Multidrug-resistant (MDR) Acinetobacter baumannii is a critical threat to global health. The type strain ATCC 19606 has been widely used in studying the virulence, pathogenesis and mechanisms of antimicrobial resistance in A. baumannii. However, the lack of a complete genome sequence is a hindrance towards detailed bioinformatic studies. Here we report the generation of a complete genome for ATCC 19606 using PacBio sequencing. ATCC 19606 genome consists of a 3,980,848-bp chromosome and a 9,450-bp plasmid pMAC, and harbours a chromosomal dihydropteroate synthase gene sul2 conferring resistance to sulphonamides and a plasmid-borne ohr gene conferring resistance to peroxides. The genome also contains 69 virulence genes involved in surface adherence, biofilm formation, extracellular phospholipase, iron uptake, immune evasion and quorum sensing. Insertion sequences ISCR2 and ISAba11 are embedded in a 36.1-Kb genomic island, suggesting an IS-mediated large-scale DNA recombination. Furthermore, a genome-scale metabolic model (GSMM) iATCC19606v2 was constructed using the complete genome annotation. The model iATCC19606v2 incorporated a periplasmic compartment, 1,422 metabolites, 2,114 reactions and 1,009 genes, and a set of protein crowding constraints taking into account enzyme abundance limitation. The prediction of bacterial growth on 190 carbon and 95 nitrogen sources achieved a high accuracy of 85.6% compared to Biolog experiment results. Based upon two transposon mutant libraries of AB5075 and ATCC 17978, the predictions of essential genes reached the accuracy of 87.6% and 82.1%, respectively. Together, the complete genome sequence and high-quality GSMM iATCC19606v2 provide valuable tools for antimicrobial systems pharmacological investigations on A. baumannii.

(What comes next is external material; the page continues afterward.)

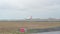 ISTANBUL, TURKEY - OCTOBER 12 ,2021: Istanbul international airport. plane travels quickly along the runway after landing at Istan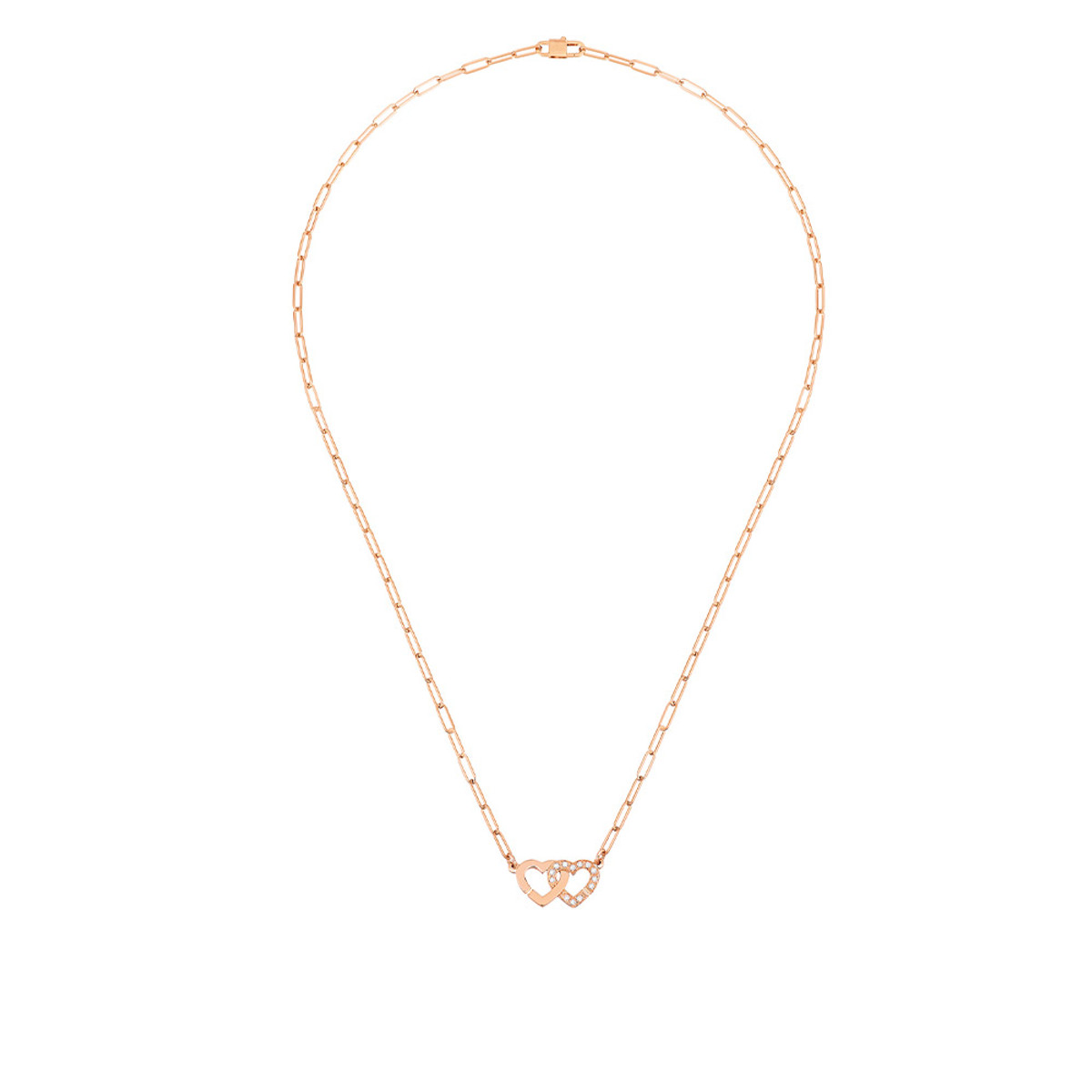 Dinh Van 18K Rose Gold Double CÏurs R9 necklace-60451 Product Image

耐多药鲍曼不动杆菌是对全球健康的重大威胁。ATCC 19606型菌株已被广泛用于研究鲍曼不动杆菌的毒力，发病机理和抗药性机制。然而，缺乏完整的基因组序列阻碍了详细的生物信息学研究。在这里，我们报告使用PacBio测序生成ATCC 19606完整基因组的过程。ATCC 19606基因组由一个3,980,848-bp的染色体和一个9,450-bp的质粒pMAC组成，并且具有赋予磺酰胺类抗性的染色体二氢蝶呤合酶基因sul2和质粒携带的ohr赋予对过氧化物抗性的基因。该基因组还包含69个毒力基因，涉及表面粘附，生物膜形成，细胞外磷脂酶，铁吸收，免疫逃逸和群体感应。插入序列IS CR2和IS Aba11嵌入36.1-Kb基因岛中，表明IS介导的大规模DNA重组。此外，使用完整的基因组注释构建了基因组规模代谢模型（GSMM）i ATCC19606v2。我的模型ATCC19606v2包含一个周质区室，1,422个代谢产物，2,114个反应和1,009个基因，以及一组考虑到酶丰度限制的蛋白质拥挤限制。与Biolog实验结果相比，在190个碳源和95个氮源上细菌生长的预测达到了85.6％的高精度。基于AB5075和ATCC 17978的两个转座子突变体文库，基本基因的预测准确率分别为87.6％和82.1％。完整的基因组序列和高质量的GSMM i ATCC19606v2共同为鲍曼不动杆菌的抗菌系统药理研究提供了有价值的工具。